Why this paper matters

This paper shows a key thing: LLMs can serve as hypothesis generators / a mechanism for local search, providing a direction of improvement with respect to a few samples. As discussed in weaknesses, I don’t think it establishes that LLMs are necessarily good at this, but they do seem capable of it. That’s exciting!


We would like to create a program that maximizes some desired property. The key here is that we have the ability to score each of these programs. To take an example, we might have a bin packing problem and would like to learn a program that suggests which bin we should place an item into next. An example score could then be the negative of the total number of bins used e.g. pack efficiently (note, this is not actually the score they used). A simplified version of the procedure, neglecting some details for clarity, then runs as follows:
  • 1. Start with M islands, each initialized with a few random programs.
  • 2. Sample over the islands with some weighting based on how high scoring each cluster is
  • 3. Within each island, sample 2 programs from the island with the sampling again weighted by how good each program is.
  • 4. Pass the programs to an LLM and say “here’s two programs, a first one and a second one that is better. Can you make a 3rd, better one?”
  • 5. Get the score for this new program and then return it back to its island.
  • 6. Repeat until you’ve created some new math.

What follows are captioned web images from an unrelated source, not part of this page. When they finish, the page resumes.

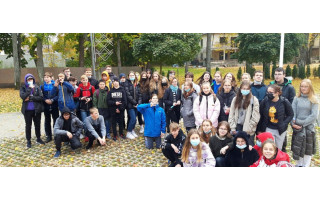 „Baltijos“ pagrindinės mokyklos aštuntų klasių mokiniai dalyvavo orientacinėse varžybose „Ar pažįsti Palangą?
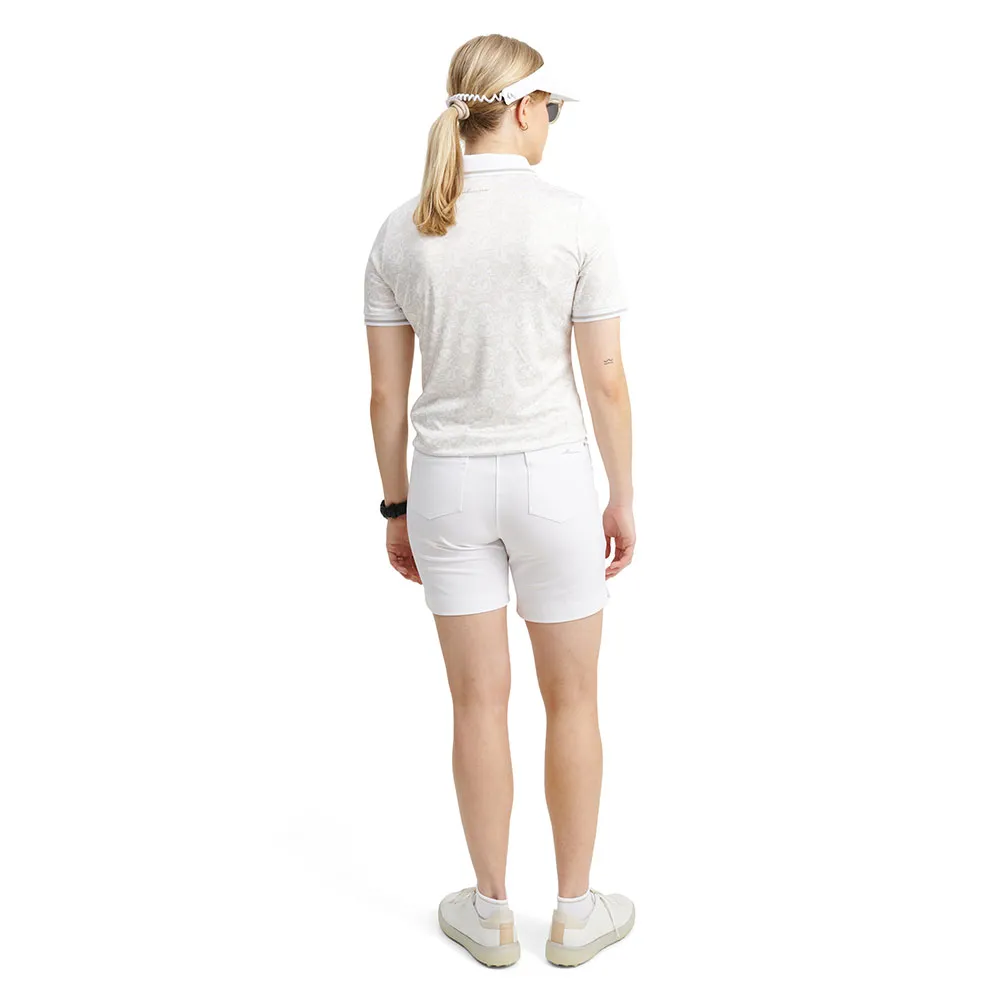 

Поло с коротким рукавом Abacus Golf Cherry Woman, белый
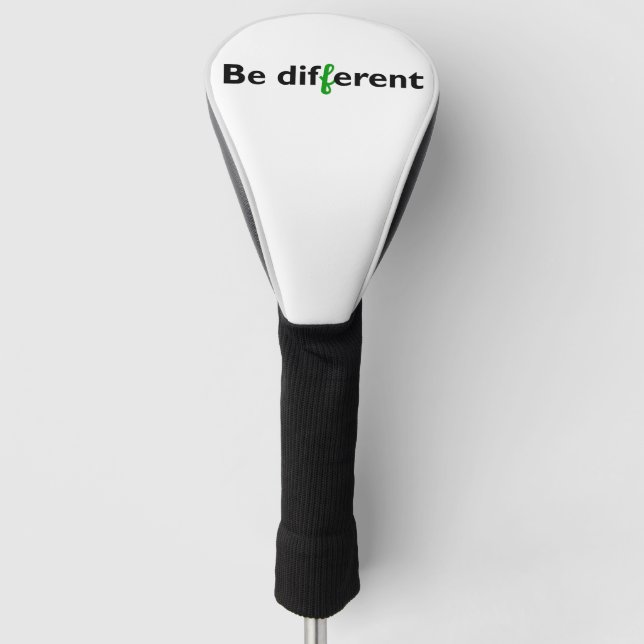 Couvre-club De Golf être différent (Devant)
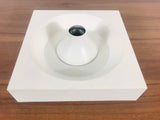 Square Metal Flush Mount by Klaus Hempel for Kaiser, Germany 1970s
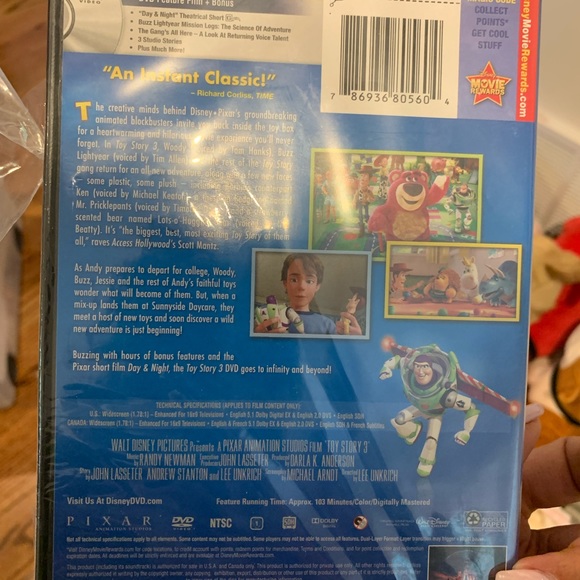 Toy Story 3 DVD with wrapping on. - Picture 2 of 2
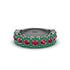 Ruby Blossoming Love Halo Wedding Band - Annalise No. 27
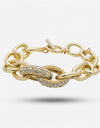 Vintage Gold ZA Chain Bracelet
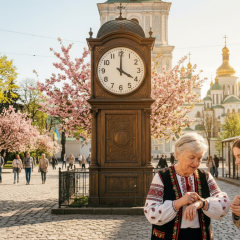 Календар і стрілки на годиннику
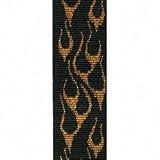 Jim Dunlop D3811OY Dun Strap Flambe Org/Yellw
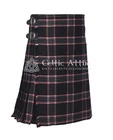 Black Magic Tartan 8 Yard Scottish Kilt - Made to Order By Celtic Attire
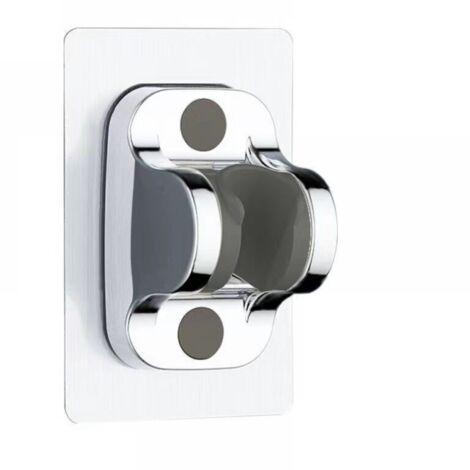 Verstellbarer Hängeduschkopfsitz für Badezimmer ohne perforierte Duschhalterung (silber)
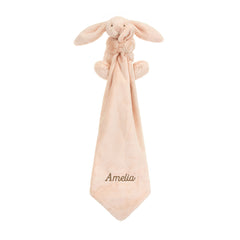 Personalized Bashful Blush Bunny Soother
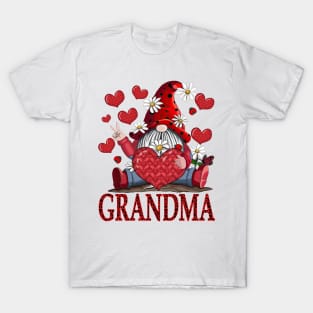 Gnome Grandma Valentine T-Shirt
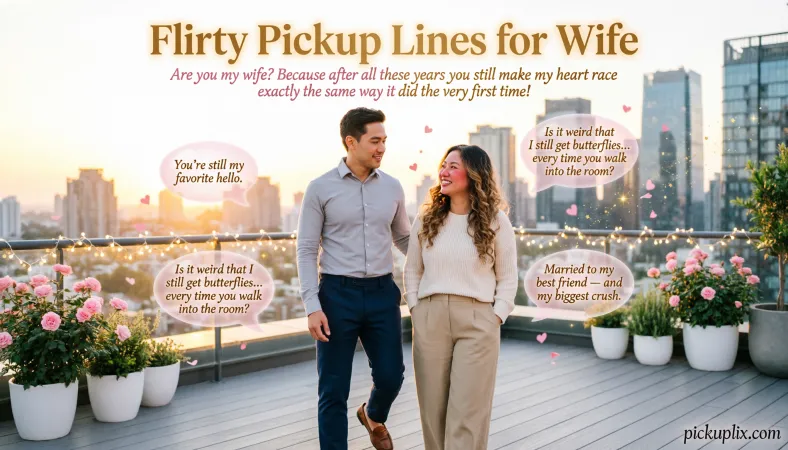 Flirty Pickup Lines for Wife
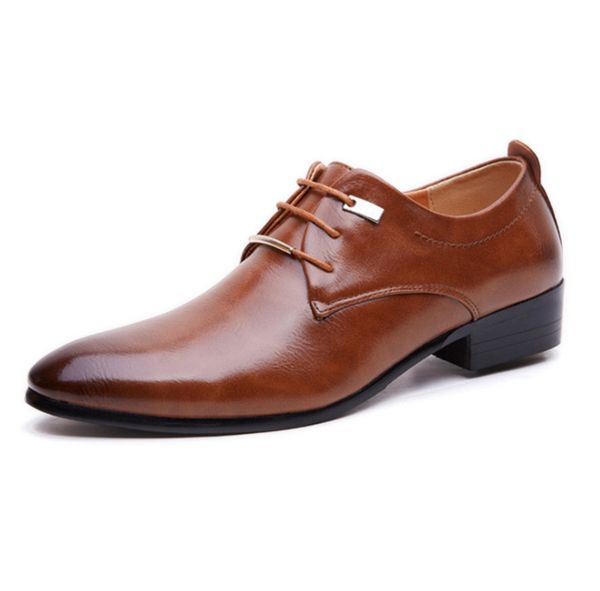 men leather shoes brown black lace-up pointed toe shoe men business dress classic style flats slip-on pu rubber solid
men leather shoes brown black lace-up pointed toe shoe men business dress classic style flats slip-on pu rubber solid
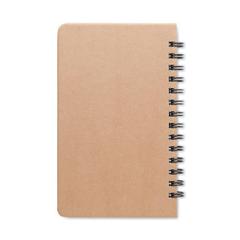 Vue Un carnet , un Pin - Grownotebook™ de couleur marron| Krokrodeal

    Note, the islands are being used to create some diversity in the procedure. Every 4 hours they kill half of the islands and restart them with new random programs.

    They then show that in 4/140 runs they manage to find a 512 size capset in dimension 8 (if you want to know what a capset is, the Set example on Wikipedia is pretty good: Cap set)and pretty consistently improve over some bin-packing heuristics.

    A really rough summary figure, taken from the paper is below. profile photo

    Follow-up work

    This paper, the ones out already like it (Beyond Human Data: Scaling Self-Training for Problem-Solving with Language Models) and the hordes of others like it yet to be published, clearly represent an incoming wave of LLMs hooked up to verifiers that can be used to automate processes. That's important because anytime you can automate something, well, that's productivity growth right there.


    a. LLMs in this paper serve two functions. They allow you to (1) generate arbitrary programs that are likely syntactically correct and (2) they also serve to generate program improvements. This former component serves as a pretty significant advantage over other automated approaches you might take to this problem like genetic algorithms or RL; those approaches are likely to spend a long time generating invalid programs. However, as a consequence, we’re not really sure how good the LLM is at the actual program improvement component. The paper provides evidence that they are doing some kind of program improvement but without a baseline or more careful study, it’s hard to tell exactly how good it is. I think there’s a really good paper to be published here trying to figure out just how creative LLMs are at generating local improvements in this way.

    b. It’s clearly pretty not robust.